OCR Output

Introduction

Does Eco-Politics Exist and
Does it Have Need of a Philosophy?

1. Why do we fail to notice the great changes?

I read somewhere that when Captain Cook’s ship first approached the
shores of Australia in 1770, his passengers were wondering with great
curiosity how the natives living in Stone Age conditions would react to
their appearance. To their great surprise they did not react at all; they
stared straight through the three-masted barque. It was too big to be
real. They scattered in headlong flight only when the rowboats were
lowered and armed sailors started to row ashore. Of this they could
guess the meaning.

We fail to notice the great changes, because they are too great to be
comprehended. We experience them from within and change together
with them. Thus, we do not perceive the rotation of the Earth. At the
same time, they are too small and slow to be noticed. ‘The level of the
warming of the Earth’s surface from year to year can barely be measured.
The destruction or drying out of the topsoil and the pollution of the
waters takes decades and by the time this process has been brought to
completion, the generation into whose life it brought change has died
out. Its descendants are already born into the changed circumstances and
find those natural. The changes of planetary significance cannot be linked
to notable dates or significant events.
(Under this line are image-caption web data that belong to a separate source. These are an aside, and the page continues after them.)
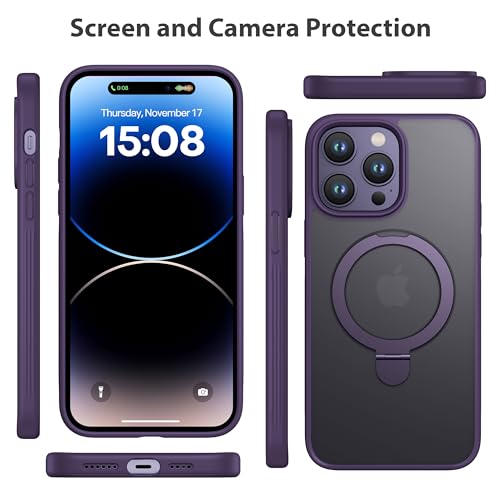iPhone 14 Pro Max Case Compatible with MagSafe with Magnetic Ring Stand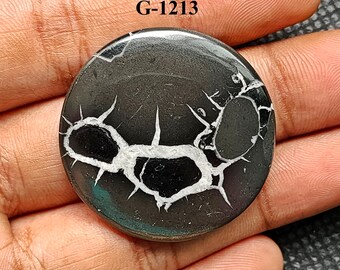 May include: A black and white round cabochon gemstone with a dendritic pattern. The gemstone is labeled "G-1213".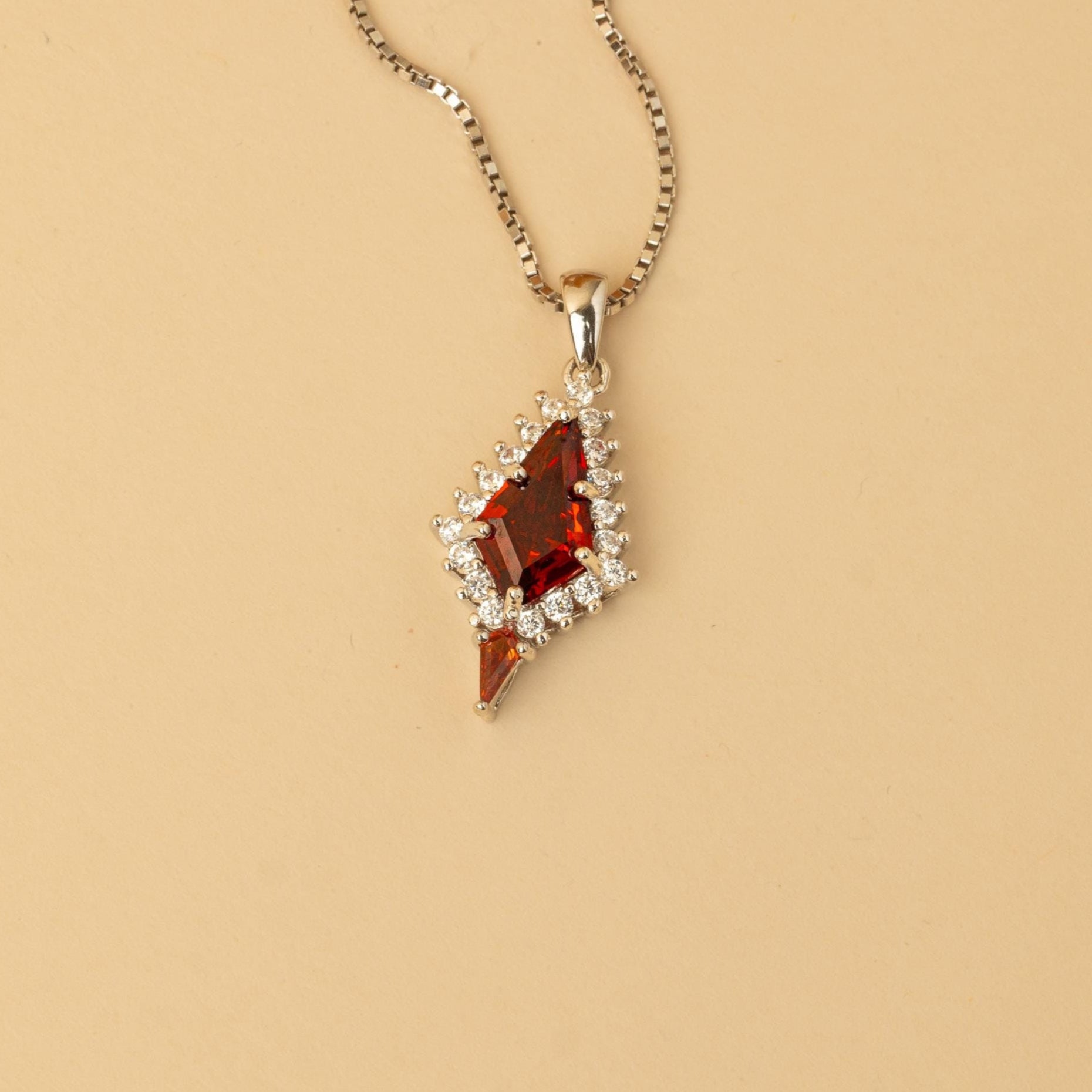 Garnet Necklace, Silver Garnet Necklace, Garnet Set for Her, Sterling Silver Necklace, Unique Necklace, Garnet Necklace Set, Red Necklace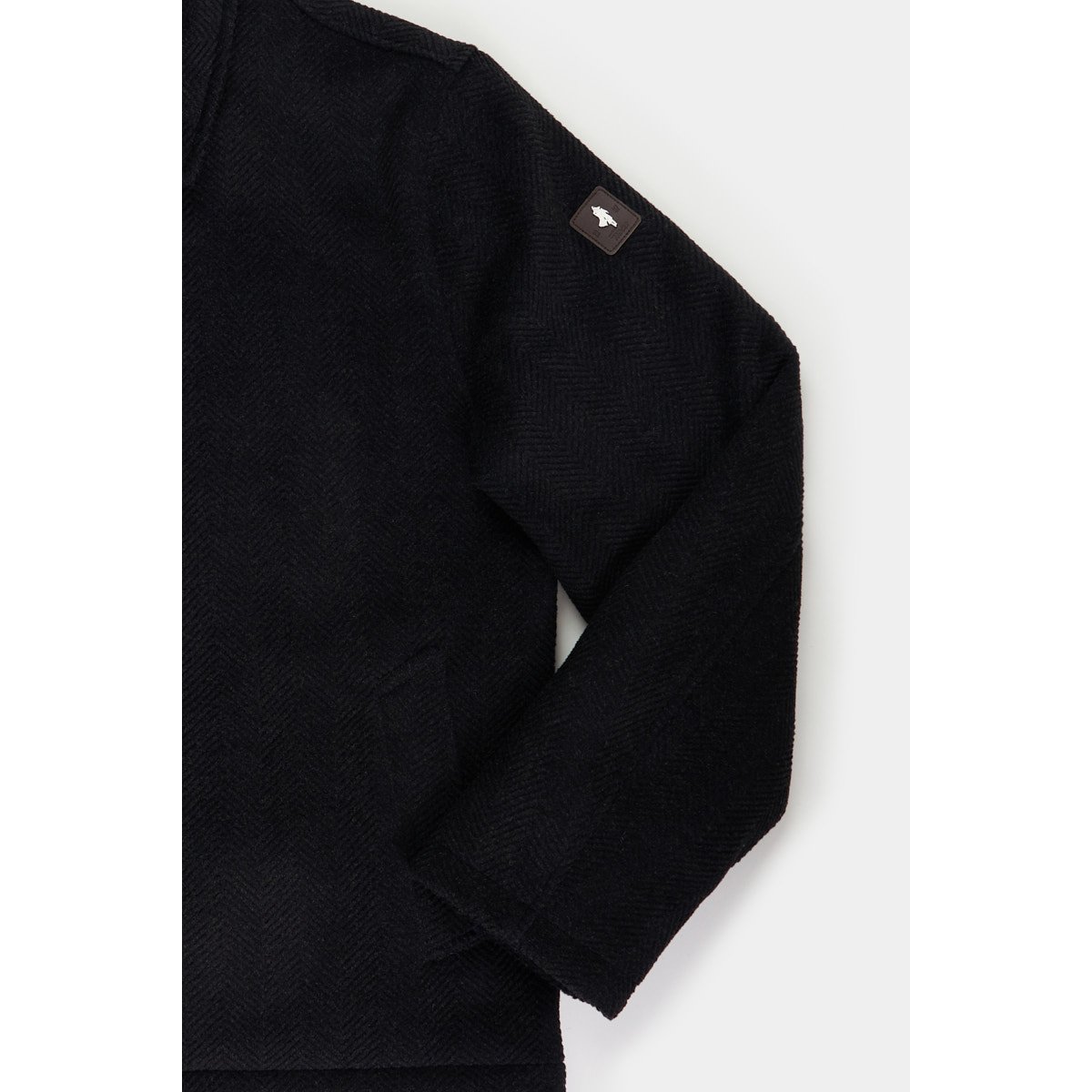 Blouson droit en laine à gros chevrons noir, MCS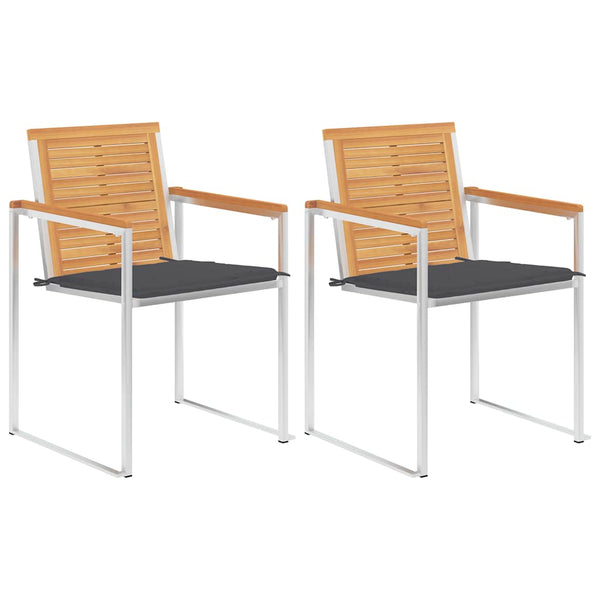 vidaXL Garden Chairs with Cushions 2 pcs. Solid Teak Wood and Steel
They lack immediate relevance and
therefore cannot expect the attention of the public, especially in the age
of sensation-driven mass media on the hunt for daily sensational stories.
‘The stir caused by the “accidents” of Chernobyl or Fukushima merely
reminds us of the unmanageable and immeasurable risk represented by
spent radioactive fuel, nuclear experiments and outmoded nuclear
submarines peacefully rusting at the bottom of the ocean — not at some
point in the distant future but already for quite a while now.